Inflazione, crisi energetica e timore di una guerra generale: i nodi sono venuti al pettine. Si potrebbe citare la famosa frase di James Carville, manager della campagna elettorale di Bill Clinton nel 1992: “È l’economia, stupido”, a riprova che in democrazia i governi vengono rovesciati dalle crisi economiche.
E che dire del governo tedesco? Emergono i primi crepacci nella coalizione rosso-giallo-verde, con i liberali dell’FDP che chiedono la sospensione dell’uscita definitiva dal nucleare e i sondaggi che danno ad oltre il 60 per cento la quota di popolazione contraria all’embargo energetico contro la Russia, una percentuale che crescerà ancora se il governo, come ha preannunciato, procederà col razionamento di gas e elettricità nelle prossime settimane e nei prossimi mesi.
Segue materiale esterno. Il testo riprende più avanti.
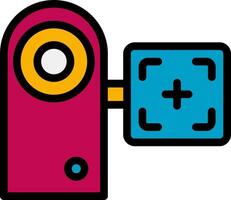 A camera with a square and a square vector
La presidente dello Schiller Institute, Helga Zepp-LaRouche (foto), ha nuovamente chiesto l’annullamento delle sanzioni contro la Russia. Se i governi tengono davvero ai “valori occidentali” di cui si riempiono la bocca, devono ammettere che le sanzioni hanno mancato lo scopo e stanno danneggiando i propri cittadini più della Russia, che sta riconvertendo la propria economia.